六根とは、六つの器官の眼(げん)・耳(に)・鼻・舌・身(触覚)・意(意識)である。この六根を清浄にしておくのである。穢れを取り除き、穢れのない六根にしておくということである。
このために仏教では六根清浄、合気道では“禊ぎ”となるのである。

六根を清浄にするためにはどうすればいいのかということになる。
簡単に言ってしまえば、六根が喜ぶようにすることだと思う。敏感に感じ、反応するよう禊ぎ、磨くのである。
そのためには六根を清浄にしなければならない。その為にやること、やれることは沢山あるようだ。
例えば、一般的に云われている、目や耳を洗い、口(舌)を漱ぎ、祈りや水を被るなどして身と心を浄めればいい。
更に、目を清浄にする、目を禊ぐために、清く美しいモノを目にし、清く美しいモノを描いたり、つくるように心がけることである。例えば、絵であり、陶芸、美術品、自然(海山川)等である。耳を禊ぐためには、いい音楽を聞いたり、自然の声や子供たちの声を楽しんだり、また、歌ったり、音を奏でたりすればいいだろう。
また、六根の禊ぎに最適なのが祝詞と思うが、祝詞が古代から消えずに残っているのはこの耳や口(舌、喉)の禊ぎという、人としての必要性を無意識にもっている本能にあるからではないかと考える。

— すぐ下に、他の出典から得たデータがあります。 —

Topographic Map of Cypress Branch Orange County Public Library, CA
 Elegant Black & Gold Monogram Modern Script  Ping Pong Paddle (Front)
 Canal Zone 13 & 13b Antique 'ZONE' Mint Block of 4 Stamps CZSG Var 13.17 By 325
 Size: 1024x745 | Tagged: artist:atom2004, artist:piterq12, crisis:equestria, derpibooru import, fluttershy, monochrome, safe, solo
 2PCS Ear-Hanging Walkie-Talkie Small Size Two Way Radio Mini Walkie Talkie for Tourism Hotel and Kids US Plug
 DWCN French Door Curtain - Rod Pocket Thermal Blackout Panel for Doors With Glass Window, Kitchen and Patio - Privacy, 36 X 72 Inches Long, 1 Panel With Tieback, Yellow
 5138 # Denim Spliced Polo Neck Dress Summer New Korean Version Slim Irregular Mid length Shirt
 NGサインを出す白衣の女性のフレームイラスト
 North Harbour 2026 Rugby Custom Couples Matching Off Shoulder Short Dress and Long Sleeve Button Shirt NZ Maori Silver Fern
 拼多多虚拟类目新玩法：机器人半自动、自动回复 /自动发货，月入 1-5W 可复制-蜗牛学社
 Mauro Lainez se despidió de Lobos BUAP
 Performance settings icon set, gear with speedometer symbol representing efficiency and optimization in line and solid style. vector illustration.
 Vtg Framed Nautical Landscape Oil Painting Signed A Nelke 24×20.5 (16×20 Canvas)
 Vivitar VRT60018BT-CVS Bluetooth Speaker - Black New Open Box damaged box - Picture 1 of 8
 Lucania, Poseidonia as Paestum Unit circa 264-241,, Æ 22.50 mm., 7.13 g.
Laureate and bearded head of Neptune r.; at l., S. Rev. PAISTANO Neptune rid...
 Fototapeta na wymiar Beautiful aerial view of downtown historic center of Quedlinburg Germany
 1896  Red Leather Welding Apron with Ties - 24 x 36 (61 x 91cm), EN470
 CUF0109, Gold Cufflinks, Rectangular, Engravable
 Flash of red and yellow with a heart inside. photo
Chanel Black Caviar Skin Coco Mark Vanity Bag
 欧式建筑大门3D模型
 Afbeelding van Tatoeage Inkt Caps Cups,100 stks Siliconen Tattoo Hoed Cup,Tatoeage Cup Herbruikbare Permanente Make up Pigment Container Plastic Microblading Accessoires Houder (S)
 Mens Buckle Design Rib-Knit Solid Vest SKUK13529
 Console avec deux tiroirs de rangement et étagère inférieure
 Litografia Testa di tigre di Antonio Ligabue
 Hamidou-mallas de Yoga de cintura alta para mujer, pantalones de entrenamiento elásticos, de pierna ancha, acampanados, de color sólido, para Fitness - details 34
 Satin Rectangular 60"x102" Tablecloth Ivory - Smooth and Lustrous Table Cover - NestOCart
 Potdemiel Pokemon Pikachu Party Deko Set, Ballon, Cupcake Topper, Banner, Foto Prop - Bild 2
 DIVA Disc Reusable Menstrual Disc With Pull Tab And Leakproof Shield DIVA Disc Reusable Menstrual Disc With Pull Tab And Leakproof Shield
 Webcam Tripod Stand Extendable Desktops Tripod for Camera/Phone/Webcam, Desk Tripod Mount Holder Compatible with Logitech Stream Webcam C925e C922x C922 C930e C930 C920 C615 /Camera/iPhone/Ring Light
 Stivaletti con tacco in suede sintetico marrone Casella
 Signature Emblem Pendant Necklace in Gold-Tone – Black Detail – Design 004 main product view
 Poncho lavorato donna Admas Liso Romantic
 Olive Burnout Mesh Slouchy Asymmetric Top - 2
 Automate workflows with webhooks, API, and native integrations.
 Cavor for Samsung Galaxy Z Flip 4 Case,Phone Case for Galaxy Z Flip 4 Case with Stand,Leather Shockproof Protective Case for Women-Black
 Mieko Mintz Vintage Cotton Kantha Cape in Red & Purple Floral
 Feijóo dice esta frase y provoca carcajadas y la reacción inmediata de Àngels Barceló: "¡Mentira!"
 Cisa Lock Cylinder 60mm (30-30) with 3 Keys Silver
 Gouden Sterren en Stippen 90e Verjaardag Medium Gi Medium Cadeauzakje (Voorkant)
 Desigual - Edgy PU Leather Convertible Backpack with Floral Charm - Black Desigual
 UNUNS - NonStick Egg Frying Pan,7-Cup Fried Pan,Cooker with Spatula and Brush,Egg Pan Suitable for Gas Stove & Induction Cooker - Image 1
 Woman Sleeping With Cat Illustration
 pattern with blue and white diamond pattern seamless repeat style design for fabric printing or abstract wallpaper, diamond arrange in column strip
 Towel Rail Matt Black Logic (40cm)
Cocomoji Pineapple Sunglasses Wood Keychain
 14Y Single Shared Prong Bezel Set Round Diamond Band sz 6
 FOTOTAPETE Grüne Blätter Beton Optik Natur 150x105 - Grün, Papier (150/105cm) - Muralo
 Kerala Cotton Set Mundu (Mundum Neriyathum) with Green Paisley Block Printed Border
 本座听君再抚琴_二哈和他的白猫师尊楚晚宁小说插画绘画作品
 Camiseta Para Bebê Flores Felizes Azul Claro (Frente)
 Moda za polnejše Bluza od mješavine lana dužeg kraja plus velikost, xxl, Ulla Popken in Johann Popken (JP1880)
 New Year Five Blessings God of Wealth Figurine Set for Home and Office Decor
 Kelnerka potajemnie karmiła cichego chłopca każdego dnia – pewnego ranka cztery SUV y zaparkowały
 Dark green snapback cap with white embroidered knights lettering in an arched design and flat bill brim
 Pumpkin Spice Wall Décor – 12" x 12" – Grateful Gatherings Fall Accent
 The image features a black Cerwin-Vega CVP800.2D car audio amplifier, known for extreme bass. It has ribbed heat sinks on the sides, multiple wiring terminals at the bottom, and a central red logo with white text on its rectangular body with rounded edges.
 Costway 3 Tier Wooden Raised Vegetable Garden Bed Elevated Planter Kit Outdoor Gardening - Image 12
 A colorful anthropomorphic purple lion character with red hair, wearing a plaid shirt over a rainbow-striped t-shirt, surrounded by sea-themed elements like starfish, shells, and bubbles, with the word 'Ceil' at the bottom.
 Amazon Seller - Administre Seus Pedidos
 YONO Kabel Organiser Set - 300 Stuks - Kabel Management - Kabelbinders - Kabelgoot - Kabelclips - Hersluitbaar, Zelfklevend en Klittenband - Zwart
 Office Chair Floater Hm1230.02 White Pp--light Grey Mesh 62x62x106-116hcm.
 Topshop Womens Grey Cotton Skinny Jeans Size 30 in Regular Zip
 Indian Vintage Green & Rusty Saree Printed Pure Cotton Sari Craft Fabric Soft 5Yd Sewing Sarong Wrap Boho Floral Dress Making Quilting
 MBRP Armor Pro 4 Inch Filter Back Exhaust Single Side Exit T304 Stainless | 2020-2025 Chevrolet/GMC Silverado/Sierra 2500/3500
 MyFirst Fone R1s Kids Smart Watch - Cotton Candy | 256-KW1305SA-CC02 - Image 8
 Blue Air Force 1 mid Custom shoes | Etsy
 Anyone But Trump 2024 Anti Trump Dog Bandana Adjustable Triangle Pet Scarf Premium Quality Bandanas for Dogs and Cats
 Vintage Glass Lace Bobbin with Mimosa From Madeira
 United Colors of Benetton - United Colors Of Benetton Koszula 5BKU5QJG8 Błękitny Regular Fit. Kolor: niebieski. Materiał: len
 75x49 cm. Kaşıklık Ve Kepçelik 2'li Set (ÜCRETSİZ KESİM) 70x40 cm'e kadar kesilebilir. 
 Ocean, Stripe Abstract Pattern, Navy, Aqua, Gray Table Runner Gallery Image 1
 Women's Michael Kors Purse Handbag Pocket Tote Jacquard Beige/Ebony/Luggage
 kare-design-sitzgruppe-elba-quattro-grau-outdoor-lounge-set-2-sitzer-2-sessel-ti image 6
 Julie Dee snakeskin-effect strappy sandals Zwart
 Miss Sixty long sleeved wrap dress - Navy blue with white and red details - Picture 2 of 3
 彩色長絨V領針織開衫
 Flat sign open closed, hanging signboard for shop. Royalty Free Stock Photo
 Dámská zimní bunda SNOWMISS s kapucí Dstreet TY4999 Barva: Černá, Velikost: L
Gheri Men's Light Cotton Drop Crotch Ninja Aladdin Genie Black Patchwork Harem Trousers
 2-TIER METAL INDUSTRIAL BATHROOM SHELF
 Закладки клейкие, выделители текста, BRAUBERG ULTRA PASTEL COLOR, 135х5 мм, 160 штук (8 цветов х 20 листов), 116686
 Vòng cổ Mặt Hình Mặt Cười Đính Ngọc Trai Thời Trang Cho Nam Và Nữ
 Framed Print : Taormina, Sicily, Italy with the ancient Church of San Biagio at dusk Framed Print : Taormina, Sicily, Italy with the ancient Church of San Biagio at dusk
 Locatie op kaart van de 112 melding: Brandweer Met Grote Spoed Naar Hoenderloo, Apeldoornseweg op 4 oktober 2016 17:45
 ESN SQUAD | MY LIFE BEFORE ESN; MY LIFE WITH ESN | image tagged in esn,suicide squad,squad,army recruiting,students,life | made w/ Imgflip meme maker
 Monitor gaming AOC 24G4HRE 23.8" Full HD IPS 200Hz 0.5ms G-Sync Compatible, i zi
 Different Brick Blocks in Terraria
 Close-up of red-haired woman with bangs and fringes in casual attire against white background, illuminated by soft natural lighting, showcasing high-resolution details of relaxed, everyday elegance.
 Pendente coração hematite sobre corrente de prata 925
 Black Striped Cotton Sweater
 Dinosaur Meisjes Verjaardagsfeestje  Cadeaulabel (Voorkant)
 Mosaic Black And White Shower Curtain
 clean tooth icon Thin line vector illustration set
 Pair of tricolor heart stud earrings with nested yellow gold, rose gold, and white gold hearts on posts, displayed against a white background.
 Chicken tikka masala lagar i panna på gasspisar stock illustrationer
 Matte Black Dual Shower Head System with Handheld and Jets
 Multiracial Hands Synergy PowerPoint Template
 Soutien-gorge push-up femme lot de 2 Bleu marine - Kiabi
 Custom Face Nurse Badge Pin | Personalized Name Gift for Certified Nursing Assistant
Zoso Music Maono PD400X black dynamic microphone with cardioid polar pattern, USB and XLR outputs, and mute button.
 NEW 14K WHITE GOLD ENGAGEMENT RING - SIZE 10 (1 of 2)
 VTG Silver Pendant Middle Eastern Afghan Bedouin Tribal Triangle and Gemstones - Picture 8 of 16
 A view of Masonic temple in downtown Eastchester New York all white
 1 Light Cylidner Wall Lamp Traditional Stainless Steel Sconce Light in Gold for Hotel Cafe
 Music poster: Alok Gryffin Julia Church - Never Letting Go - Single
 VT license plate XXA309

「魂の比礼振りを起こすためには六根を清浄にしなければならない」と大先生はいわれているが、大先生は「我々は六根ばかり頼ってはいけない」とも、次の様に言われているのである。「我々は六根ばかり頼ってはいけない。仏教では六根清浄などというが、六根というものは、この顕界において、この明るい世界を眺めるために肉体にそなえたものである。」
つまり、六根は目に見える顕界のために備わったものであるというのである。ということは、目に見えない世界では、六根ではない何かがあるということになる。
それを大先生は「心を磨いて、本当に六根の働きをば融通の変えやすいように、つまりいう魂の道を明らかにしておいたらよい。そうすると六根は光となって、表にあらわれてくる。六根が光を放ってくるというと、やることがみな魂の比礼振りということになってくる。己が物を生みだすようになる。」と言われている。要は、心を磨くことだと教えておられるのである。更なる修業である。

だが、そうだからといって六根は大事ではないと、お先生は言われてはいない。大先生は、「しかし物質の世界をみるにつけても、やはり六根の道をきれいに掃除しておかなければならない。」(合気神髄P.44)と言われているのである。
先ずは、六根を禊し、磨かなければならないのである。魂の比礼振りが生まれるためには必須という事である。